▸ TASK DETAILS: In the listing below, find the line containing "贵州师范学院宿舍图片_寝室图片12" and the line containing "Hot Cross Bun". Repeat exactly those two lines and every line between them, nothing more.
***** DATA FOR ANALYSIS
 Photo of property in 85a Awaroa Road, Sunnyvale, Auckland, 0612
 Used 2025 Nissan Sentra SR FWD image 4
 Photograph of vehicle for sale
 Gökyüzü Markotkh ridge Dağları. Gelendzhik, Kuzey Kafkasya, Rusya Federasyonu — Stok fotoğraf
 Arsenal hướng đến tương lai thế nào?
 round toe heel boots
**********
***** DATA FOR ANALYSIS
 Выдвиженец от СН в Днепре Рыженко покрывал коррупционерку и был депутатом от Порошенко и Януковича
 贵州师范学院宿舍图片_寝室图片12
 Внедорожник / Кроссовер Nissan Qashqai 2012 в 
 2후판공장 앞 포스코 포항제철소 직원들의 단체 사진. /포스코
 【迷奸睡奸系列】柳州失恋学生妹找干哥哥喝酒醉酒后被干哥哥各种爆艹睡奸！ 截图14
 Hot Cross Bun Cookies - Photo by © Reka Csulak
**********
***** DATA FOR ANALYSIS
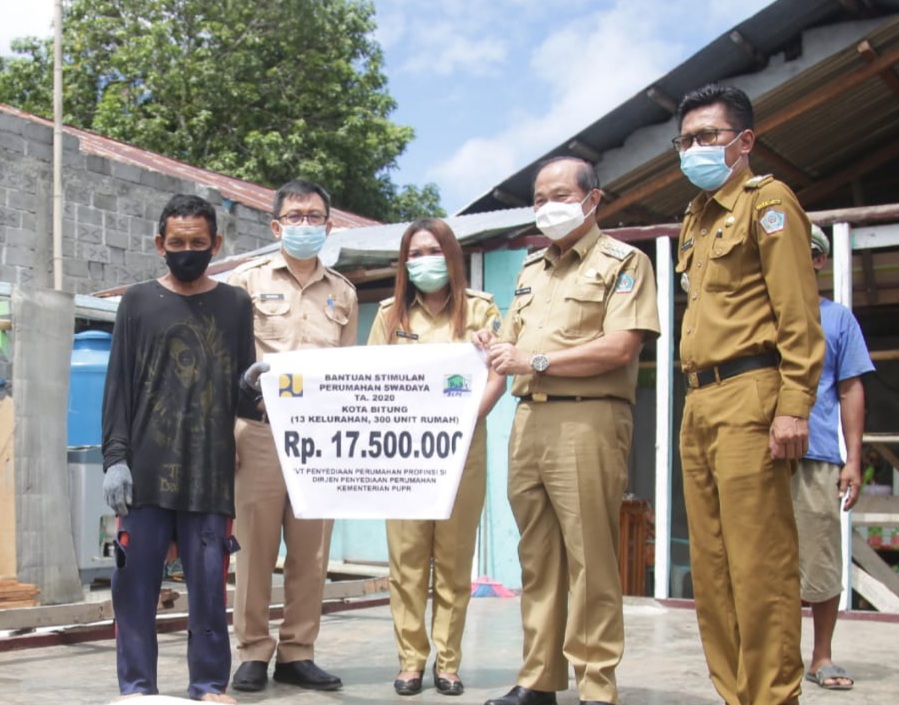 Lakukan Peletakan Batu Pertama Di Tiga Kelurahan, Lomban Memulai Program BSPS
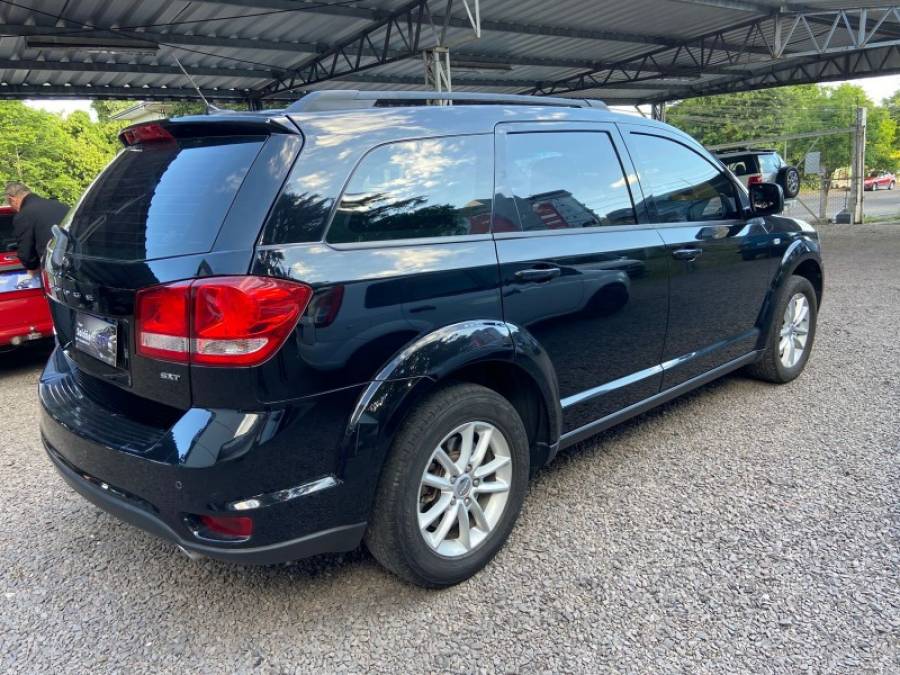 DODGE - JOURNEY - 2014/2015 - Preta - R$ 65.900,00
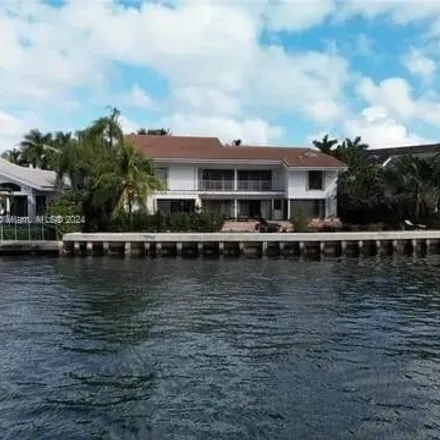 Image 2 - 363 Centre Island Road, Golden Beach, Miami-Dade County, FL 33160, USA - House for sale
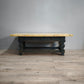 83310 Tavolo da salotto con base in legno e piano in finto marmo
**********
▸ RESPONSE TO THE TASK:
 贵州师范学院宿舍图片_寝室图片12
 Внедорожник / Кроссовер Nissan Qashqai 2012 в 
 2후판공장 앞 포스코 포항제철소 직원들의 단체 사진. /포스코
 【迷奸睡奸系列】柳州失恋学生妹找干哥哥喝酒醉酒后被干哥哥各种爆艹睡奸！ 截图14
 Hot Cross Bun Cookies - Photo by © Reka Csulak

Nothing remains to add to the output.